(Records from a data source)
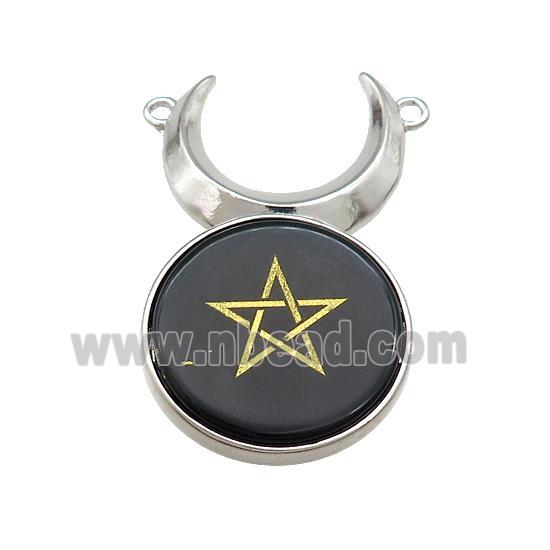 Black Obsidian Coin Star Symbols Alloy Moon Pendant Platinum Plated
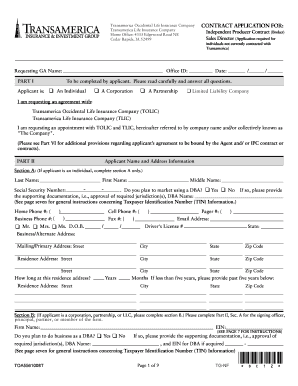 Transamerica Life Insurance Independent Producer Contract Application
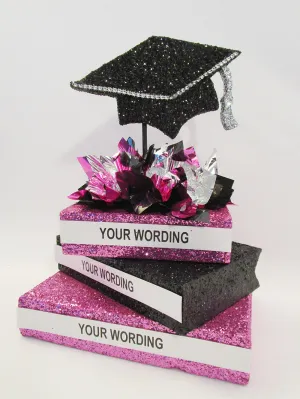 Stack of Books  & Grad Cap Centerpiece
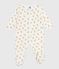 Pijama de terciopelo con estampado de leopardos para bebé blanco MARSHMALLOW/blanco MULTICO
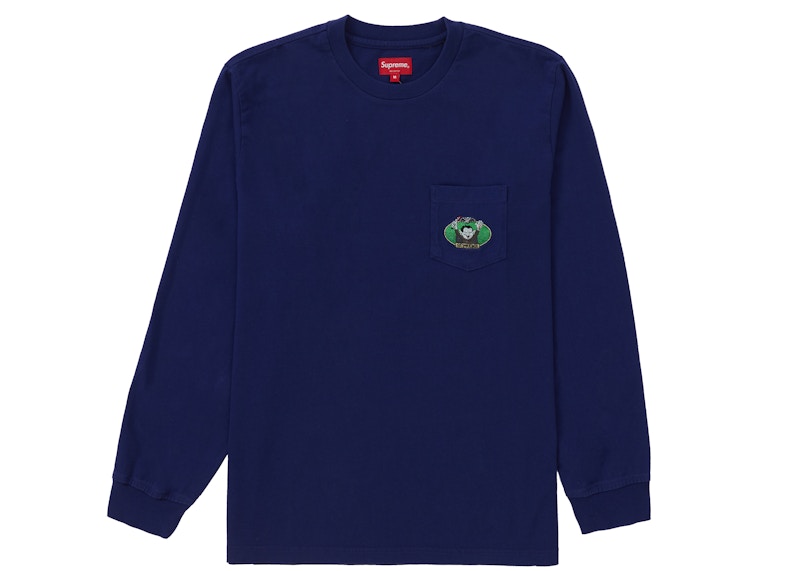 Supreme Vampire Boy /S Pocket Tee Washed Marineblauw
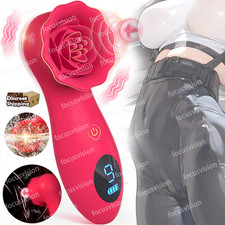 Rose Sucking Vibrator Licking Tongue Clit G-spot Dildo Oral Sex Toys for Women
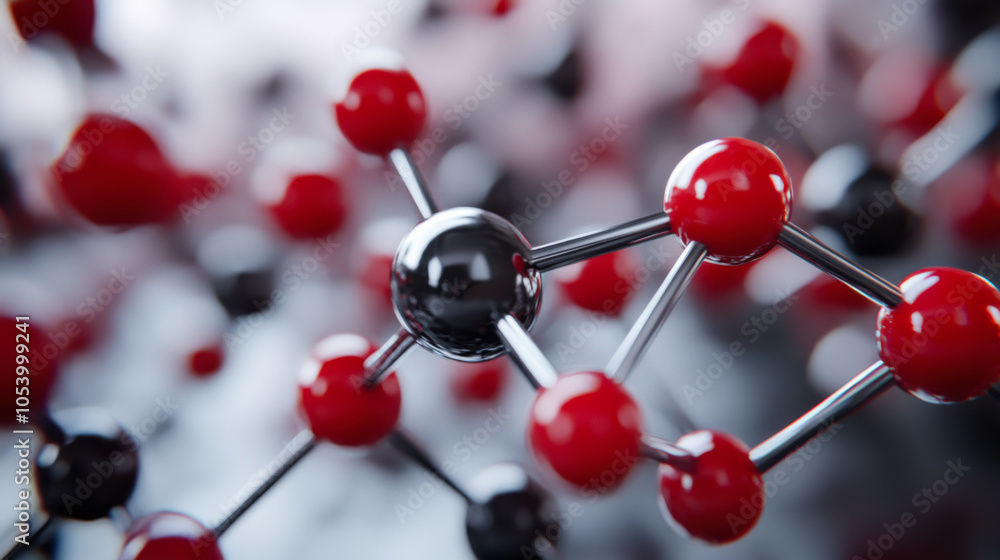 Aufkleber detailed close-up of molecular structures showcasing scientific concepts in a laboratory setting wit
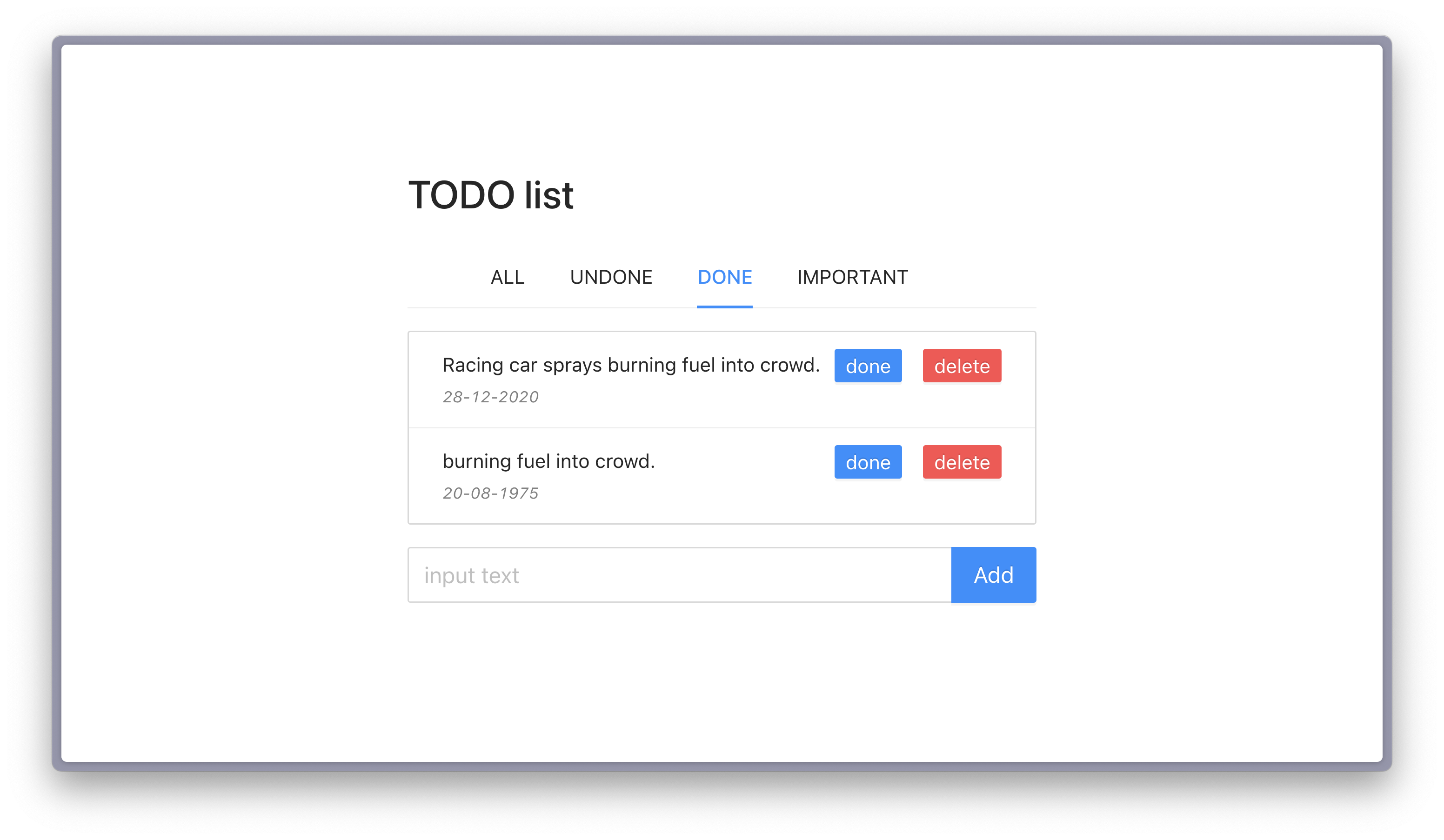 the interface of my Todo list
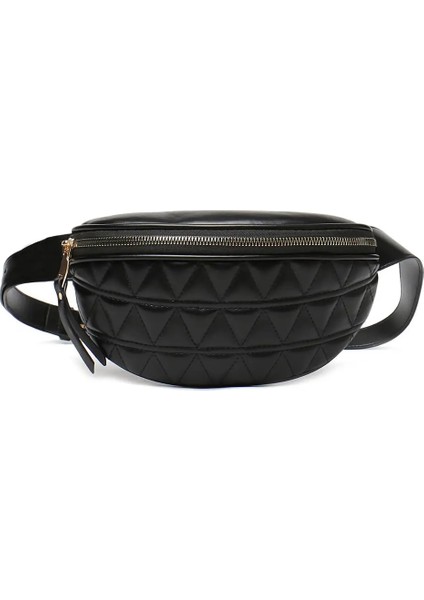 Siyah Stil Moda Pu Deri Bel Çantası Lüks Tasarımcı Bel Paketi Genişletilebilir Kadın Cep Telefonu Crossbody Omuz Çantası Çanta (Yurt Dışından)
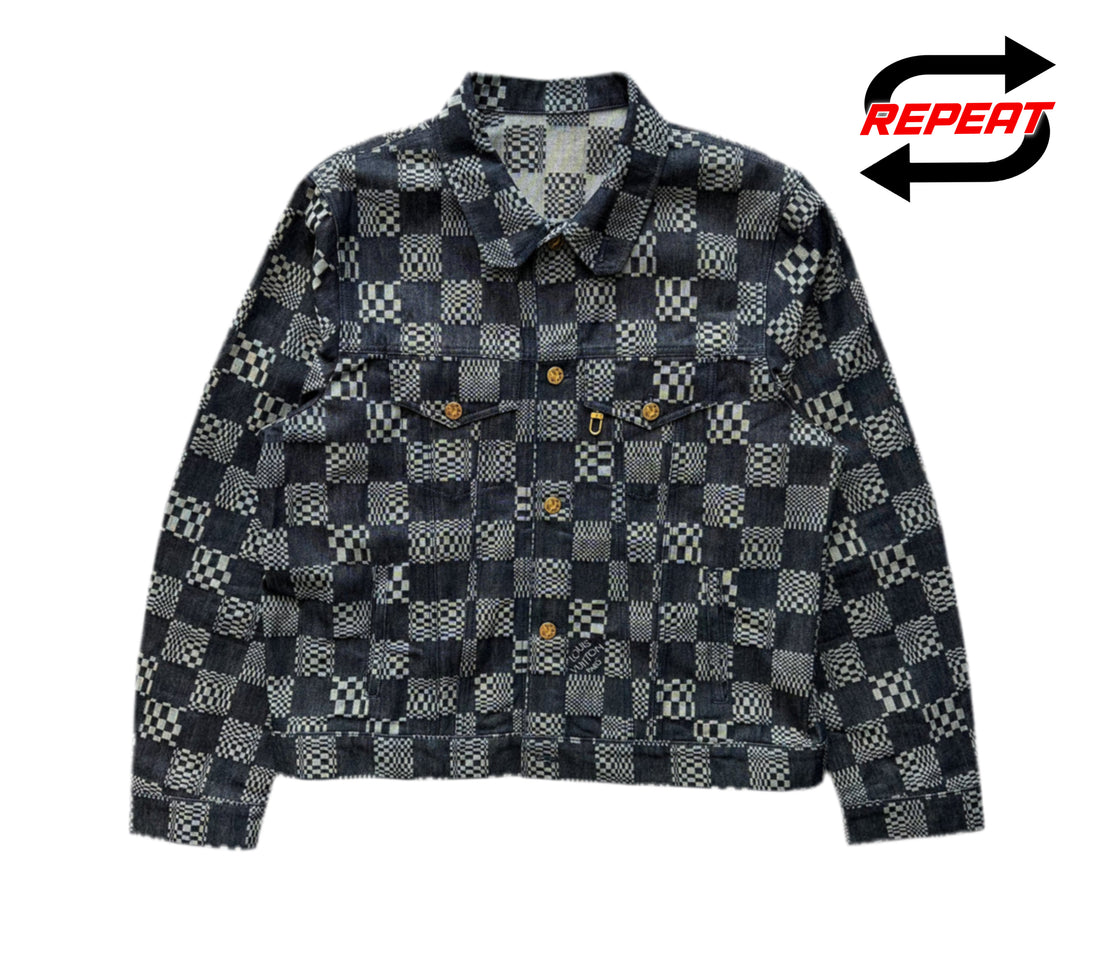 Louis Vuitton 'Distorted Damier' Denim Suit (Navy)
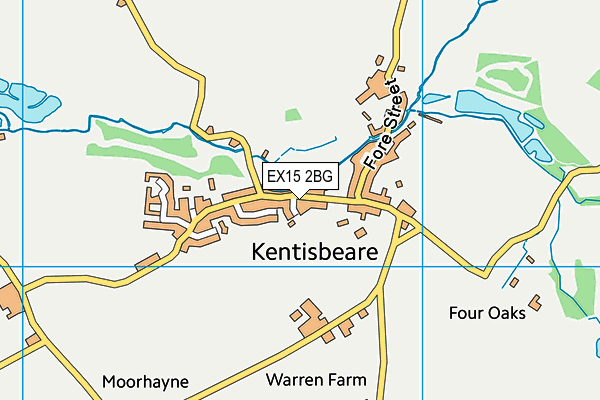 EX15 2BG map - OS VectorMap District (Ordnance Survey)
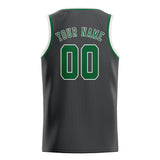 Custom Dark Grey & Green Colors Design Sports Basketball Jersey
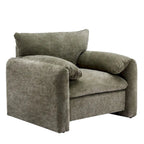 Übergroßer gepolsterter Chenille-Sessel, einzelner Sofa-Akzentsessel mit Armlehnen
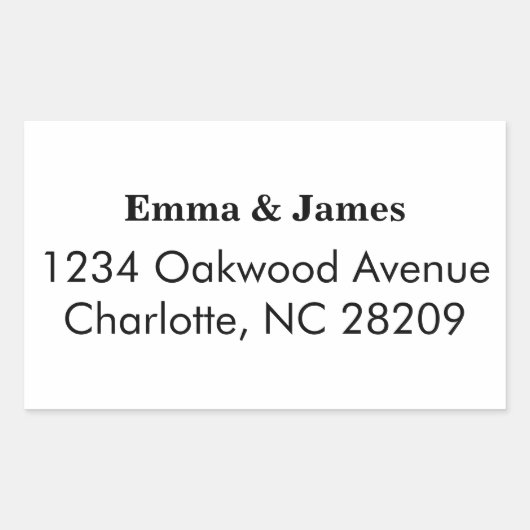 Return Address Personalized Wedding Address 長方形シール (正面)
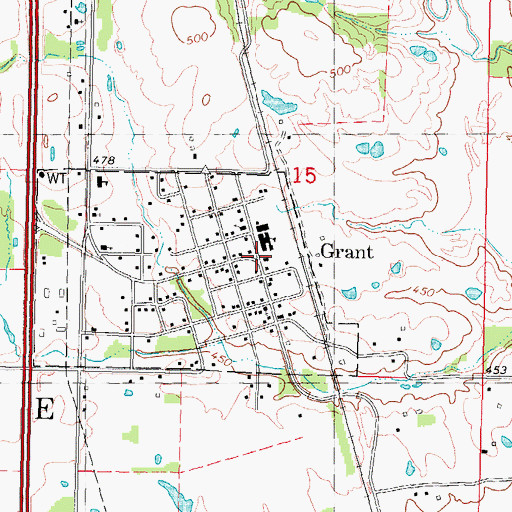 Topographic Map of Grant, OK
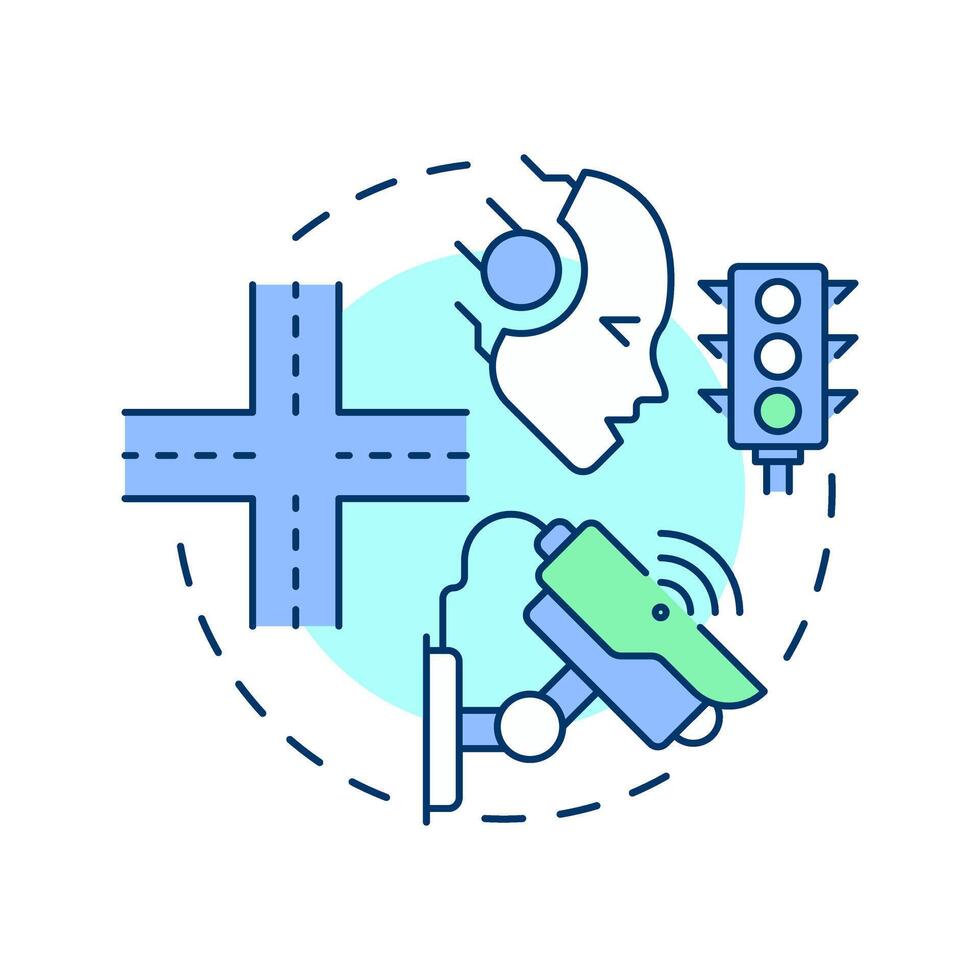 Dynamic junction control multi color concept icon. Real time intersection regulation. Traffic management strategy. Round shape line illustration. Abstract idea. Graphic design. Easy to use in brochure vector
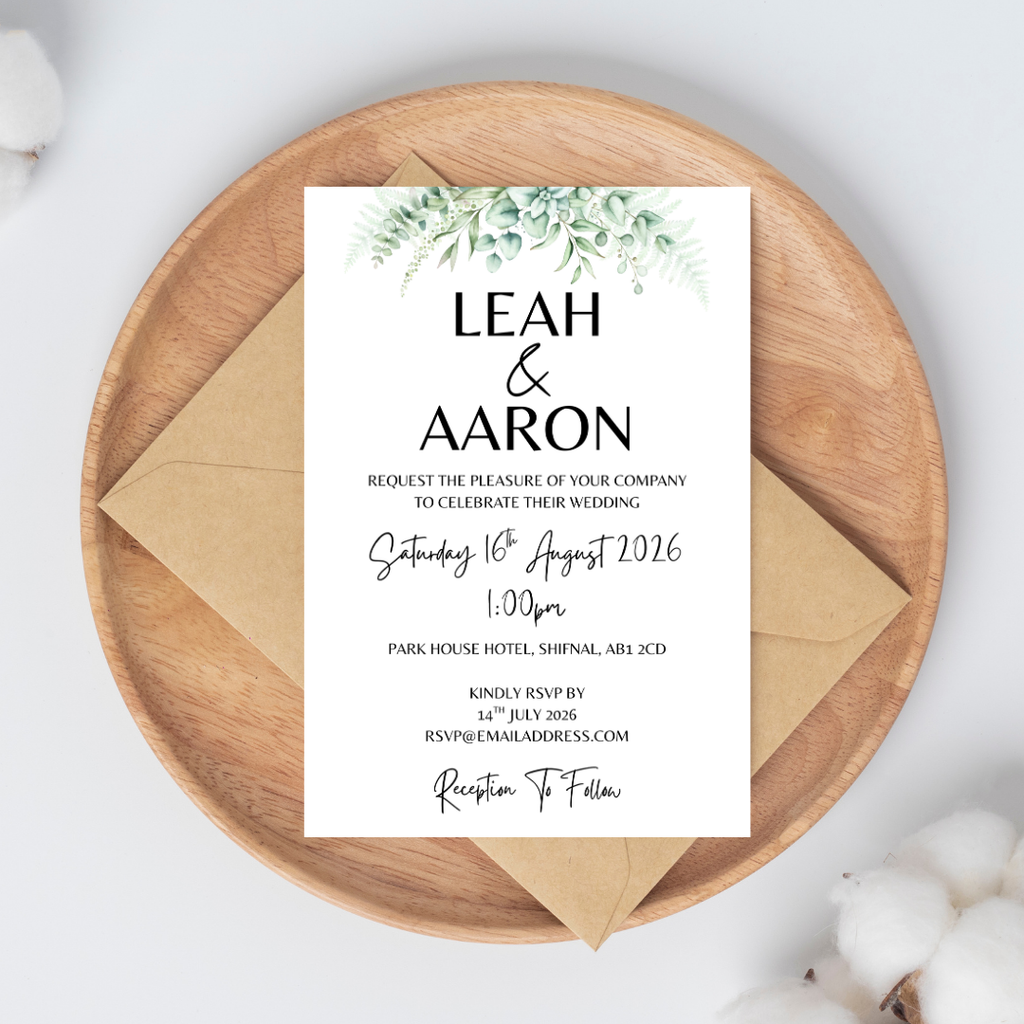 White Floral Wedding Invitation | SRP1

- **What the task asks**
Could you repeat every record exactly as written, with the pictures left out?

- **Written answer**
 Black Obsidian Coin Star Symbols Alloy Moon Pendant Platinum Plated
 Transamerica Life Insurance Independent Producer Contract Application
 Stack of Books  & Grad Cap Centerpiece
 Pijama de terciopelo con estampado de leopardos para bebé blanco MARSHMALLOW/blanco MULTICO
 Supreme Vampire Boy /S Pocket Tee Washed Marineblauw
 Rose Sucking Vibrator Licking Tongue Clit G-spot Dildo Oral Sex Toys for Women
 Aufkleber detailed close-up of molecular structures showcasing scientific concepts in a laboratory setting wit
 the interface of my Todo list
 Siyah Stil Moda Pu Deri Bel Çantası Lüks Tasarımcı Bel Paketi Genişletilebilir Kadın Cep Telefonu Crossbody Omuz Çantası Çanta (Yurt Dışından)
 Louis Vuitton 'Distorted Damier' Denim Suit (Navy)
 EX15 2BG map - OS VectorMap District (Ordnance Survey)
 Custom Dark Grey & Green Colors Design Sports Basketball Jersey
 Übergroßer gepolsterter Chenille-Sessel, einzelner Sofa-Akzentsessel mit Armlehnen
 Return Address Personalized Wedding Address 長方形シール (正面)
 Topographic Map of Grant, OK
 Dynamic junction control multi color concept icon. Real time intersection regulation. Traffic management strategy. Round shape line illustration. Abstract idea. Graphic design. Easy to use in brochure vector
 White Floral Wedding Invitation | SRP1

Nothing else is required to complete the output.